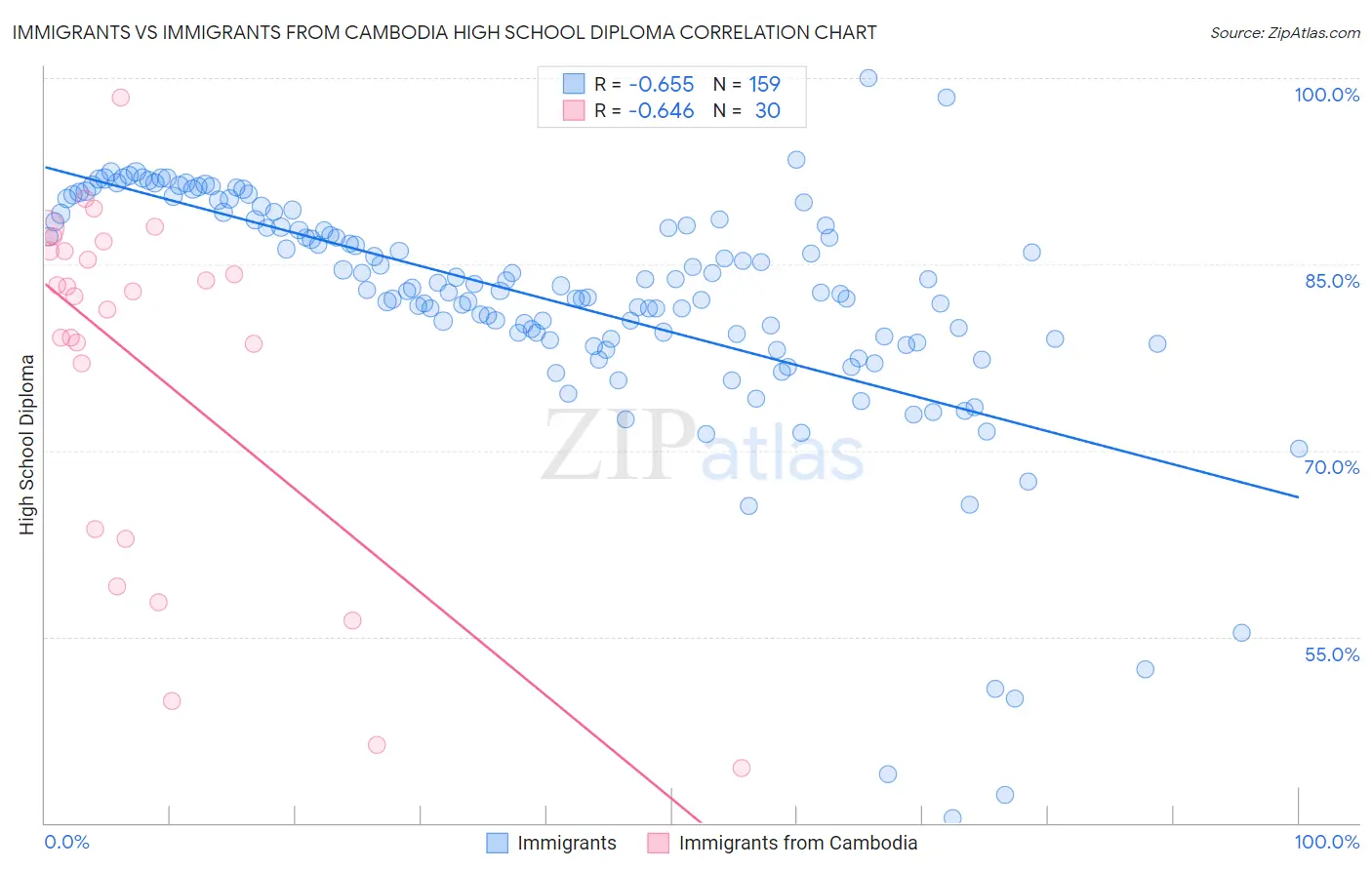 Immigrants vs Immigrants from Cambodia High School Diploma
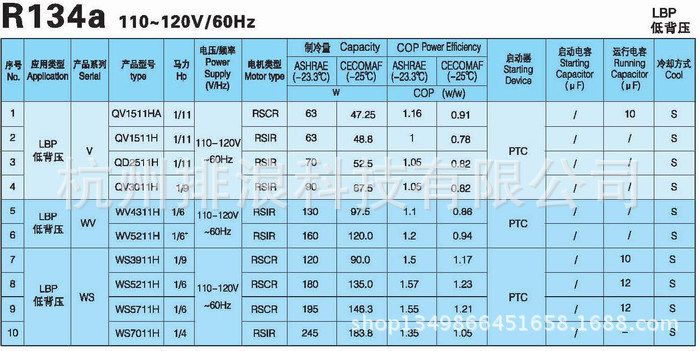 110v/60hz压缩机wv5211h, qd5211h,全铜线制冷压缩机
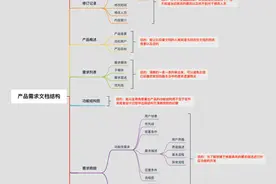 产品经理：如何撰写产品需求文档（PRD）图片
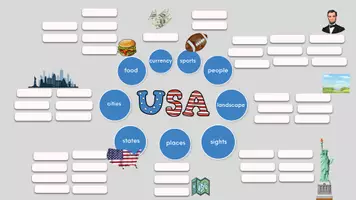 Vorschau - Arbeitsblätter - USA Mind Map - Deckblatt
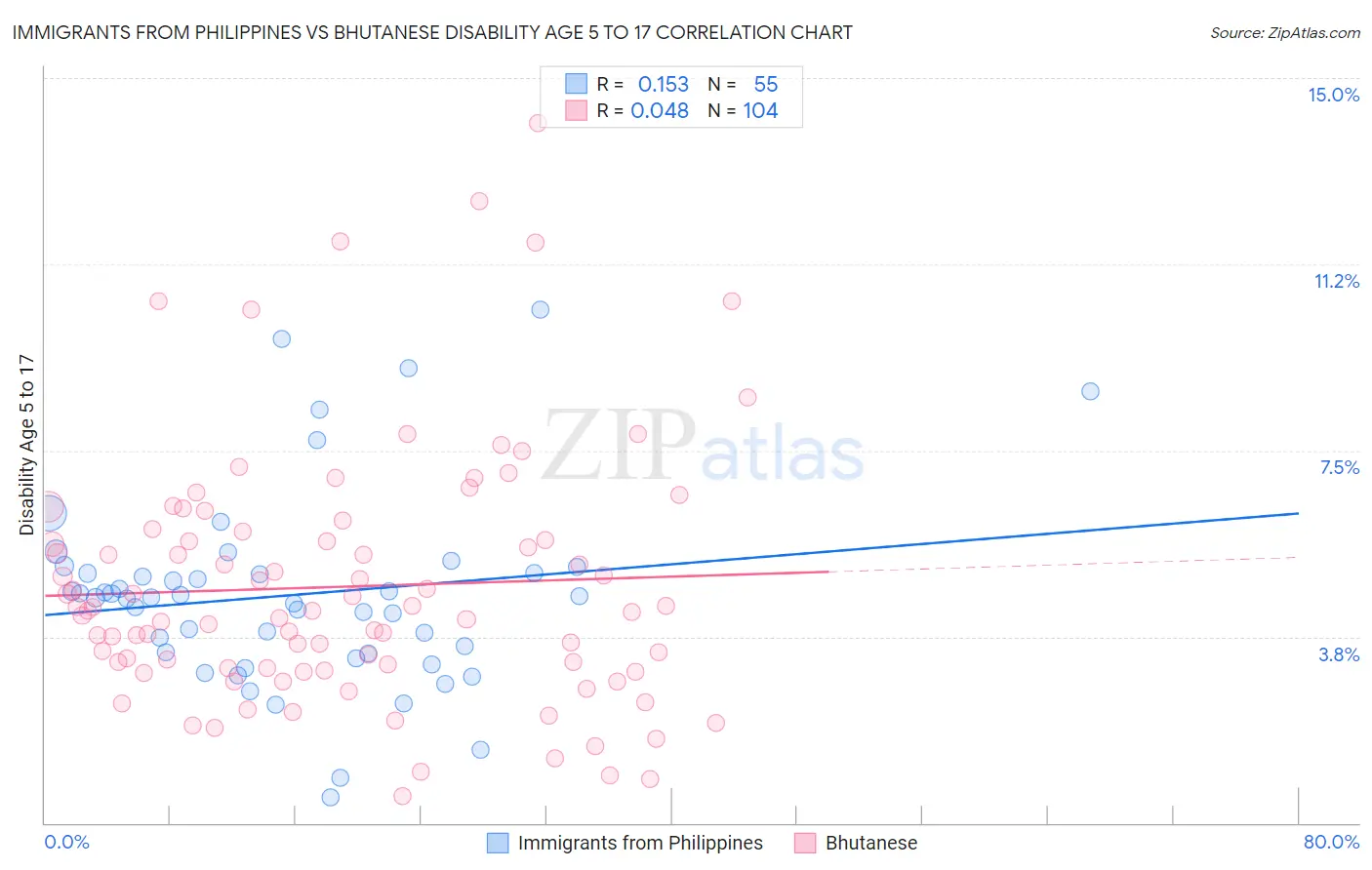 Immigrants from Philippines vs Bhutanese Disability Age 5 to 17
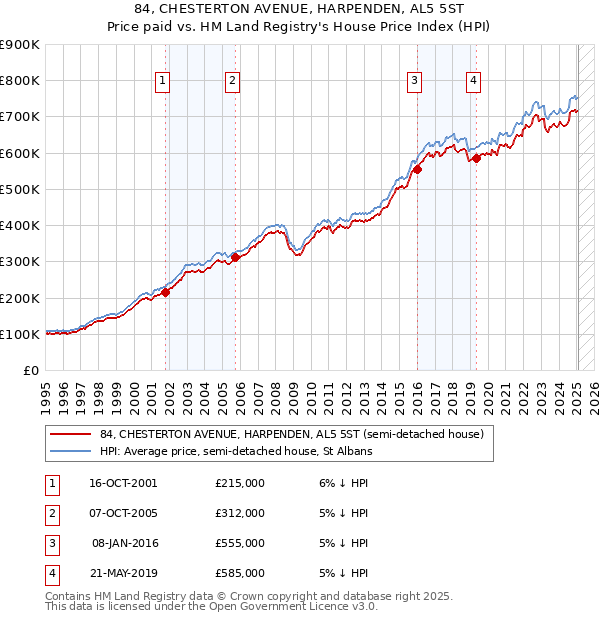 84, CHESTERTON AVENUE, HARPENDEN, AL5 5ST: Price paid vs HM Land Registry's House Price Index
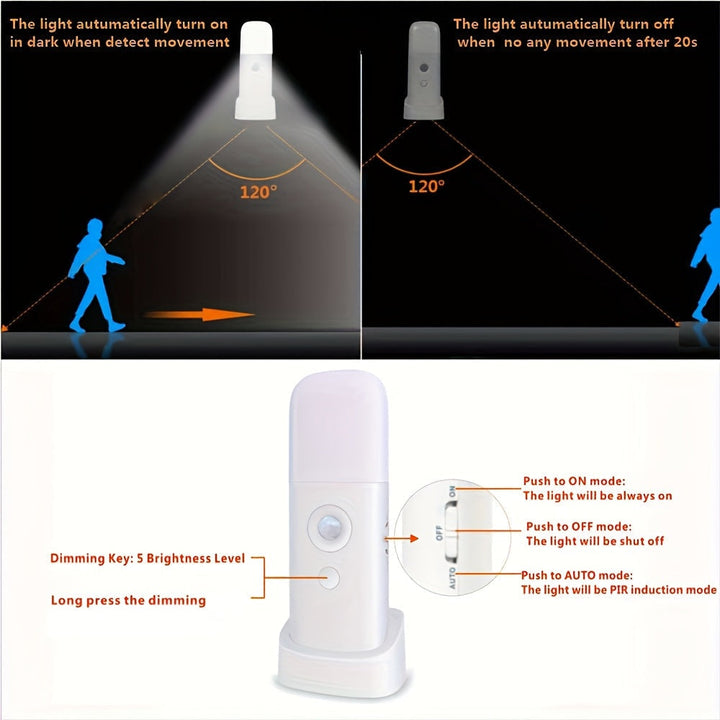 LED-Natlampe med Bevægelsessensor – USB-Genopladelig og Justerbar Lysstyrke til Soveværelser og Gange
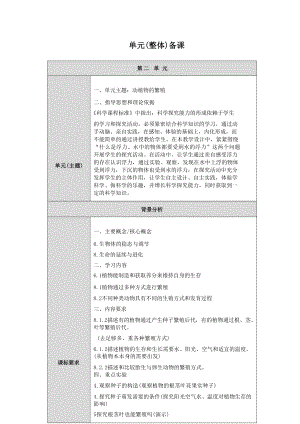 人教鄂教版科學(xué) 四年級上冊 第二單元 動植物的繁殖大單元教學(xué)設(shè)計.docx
==
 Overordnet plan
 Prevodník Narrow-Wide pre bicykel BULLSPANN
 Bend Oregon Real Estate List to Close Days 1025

◆ Exercise directions:
With the pictures omitted, restate word for word the lines above from the line that has "Vorschau - Arbeitsblätter" up to and including the line that has "84, CHESTERTON AVENUE, HARPENDEN, AL5", and no other lines.

◆ Result:
 Vorschau - Arbeitsblätter - USA Mind Map - Deckblatt
 Immigrants from Philippines vs Bhutanese Disability Age 5 to 17
 84, CHESTERTON AVENUE, HARPENDEN, AL5 5ST: Price paid vs HM Land Registry's House Price Index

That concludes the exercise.